Piano
Stringed keyboard musical instrument, derived from the harpsichord and the clavichord. Also called the pianoforte, it differs from its predecessors principally in its hammer-and-lever action, which allows the player to modify the intensity of sound depending on the force of the player's touch. The earliest known model (1709) was built by Italian harpsichord maker Bartolomeo Cristofori.

How a piano operates
Essentially, when a piano key is pressed down, its tail pivots upward and lifts a lever that throws a hammer against the strings for that key's note. At the same time a damper is raised from these strings, allowing them to vibrate more freely. When the key is even partially released, the damper falls back onto the strings and silences the note. When the key is fully released, all parts of the mechanism return to their original positions because of gravity. Unlike grand pianos, upright pianos cannot rely on gravity to cause everything to return to place; therefore they include various springs and small strips of cloth to pull some of the action parts back into place.

Modern Structure of piano
The modern piano has six major parts:

  1. The frame is usually made of iron. At the rear end is attached the string plate, into which the strings are fastened. In the front is the wrest plank, into which the tuning pins are set. The strings are wound around the tuning pins, which are turned to regulate the strings' tension.

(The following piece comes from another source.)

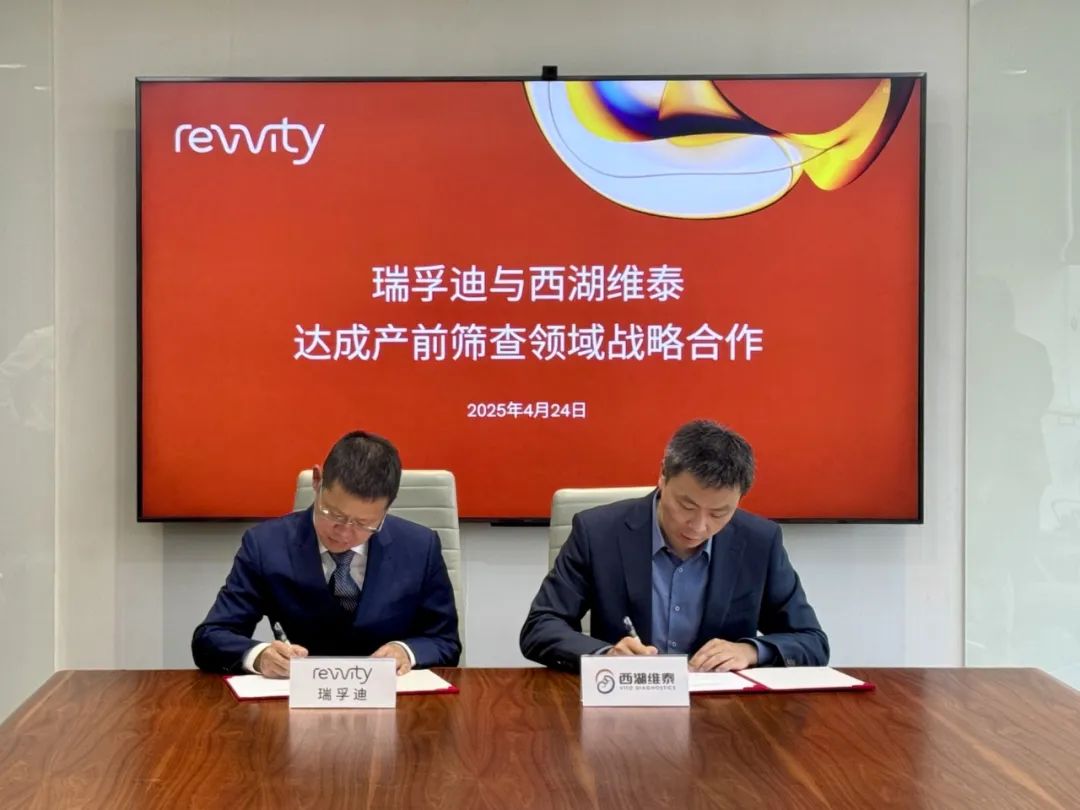 强强联合！瑞孚迪携手西湖维泰共拓产前筛查新时代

  2. The soundboard, a thin piece of fine-grained spruce placed under the strings, reinforces the tone by means of sympathetic vibration.
  3. The strings, made of steel wire, increase in length and thickness from the treble to the bass.

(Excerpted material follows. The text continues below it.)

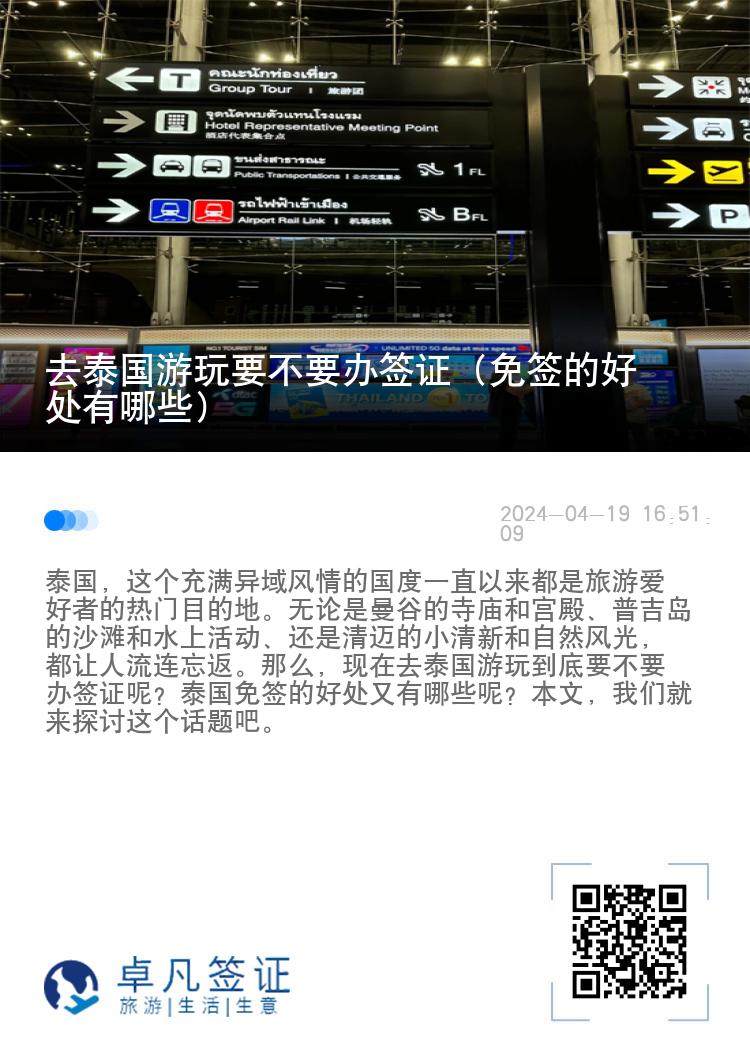 去泰國游玩要不要辦簽證（免簽的好處有哪些）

  4. The action is the entire mechanism required for propelling the hammers against the strings. Its most visible part is a row of keys, called a keyboard, manipulated by the fingers.

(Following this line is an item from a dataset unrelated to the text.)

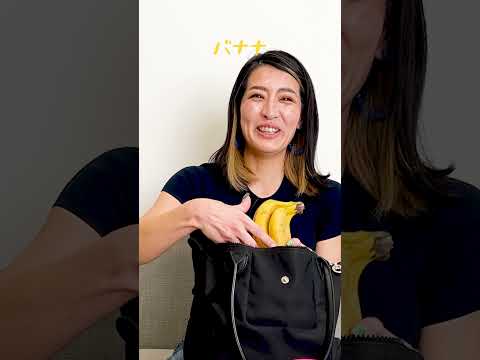 【What’s in my bag?】コスメ社員の通勤バッグの中身は？👜 vol.2【エトヴォス】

  5. The pedals are levers pressed down by the feet. One pedal, called the damper, or loud pedal, raises all the dampers so that all the strings struck continue to vibrate even after the keys are released. The soft pedal either throws all the hammers nearer to the strings so that the striking distance is diminished, or shifts the hammers a little to one side so that only a single string instead of the two or three is struck. Some pianos have a third, or sustaining, pedal that keeps raised only those dampers already raised by the keys at the moment this pedal is applied.
  6. According to the shape of its case, a piano is classified as square, grand, or upright. The square form (actually rectangular) is no longer built. Grand pianos range from the full concert grand, 2.69 m (8 ft 10 in) long, to the parlor or baby grand, less than 1.8 m (less than 6 ft) long. In the upright piano the strings run vertically or diagonally from the top to the bottom of the instrument.